__Information shown__:
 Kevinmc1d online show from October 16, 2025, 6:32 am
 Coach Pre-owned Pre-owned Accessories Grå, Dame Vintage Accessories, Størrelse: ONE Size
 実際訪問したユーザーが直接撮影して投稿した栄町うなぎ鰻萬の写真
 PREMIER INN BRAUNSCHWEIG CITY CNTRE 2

==

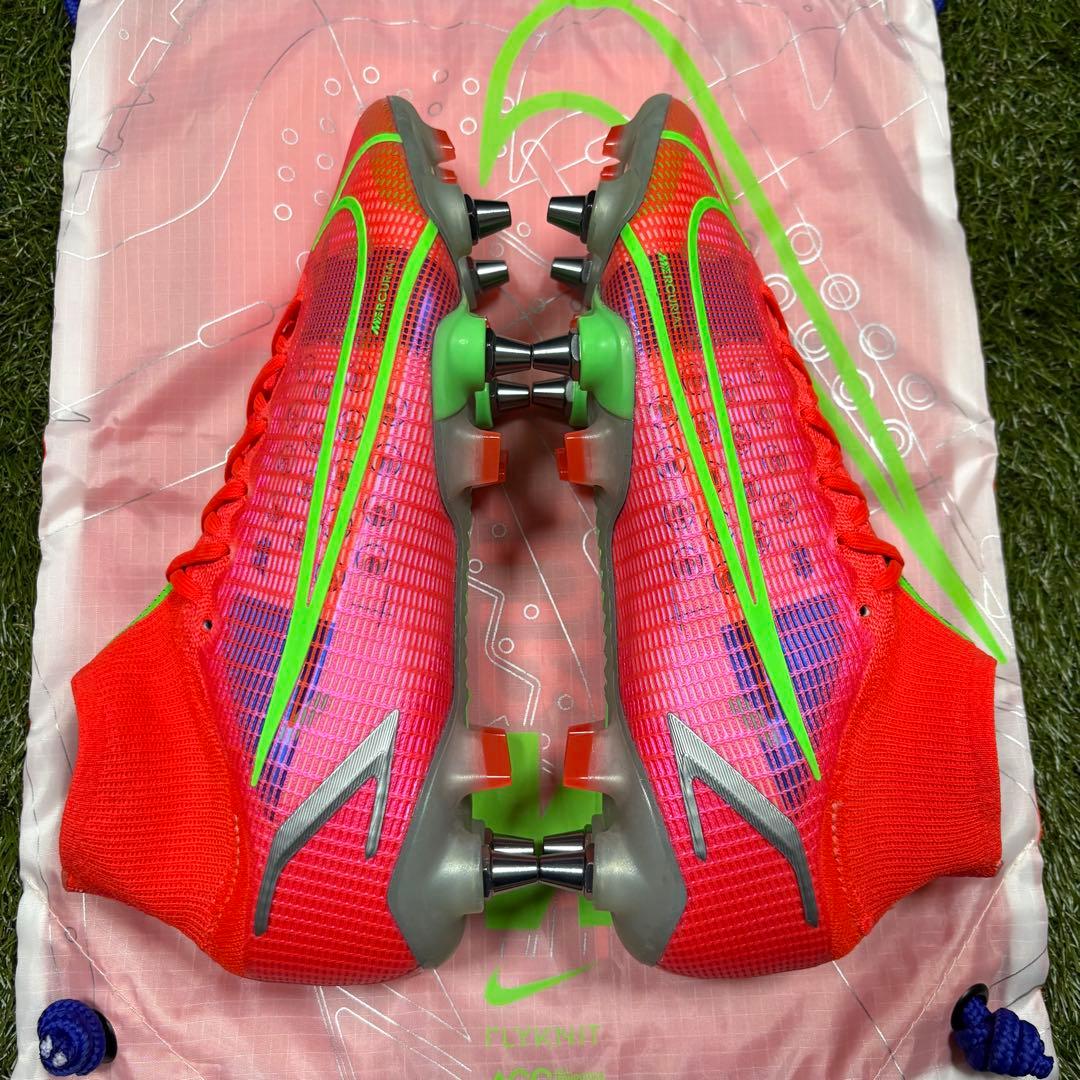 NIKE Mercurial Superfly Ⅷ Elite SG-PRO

__Work instructions__: Look back at the entries above and repeat, unchanged, every line from the line holding "Kevinmc1d online show" through the line holding "PREMIER INN BRAUNSCHWEIG CITY CNTRE 2".

__Solution for this exercise__:
 Kevinmc1d online show from October 16, 2025, 6:32 am
 Coach Pre-owned Pre-owned Accessories Grå, Dame Vintage Accessories, Størrelse: ONE Size
 実際訪問したユーザーが直接撮影して投稿した栄町うなぎ鰻萬の写真
 PREMIER INN BRAUNSCHWEIG CITY CNTRE 2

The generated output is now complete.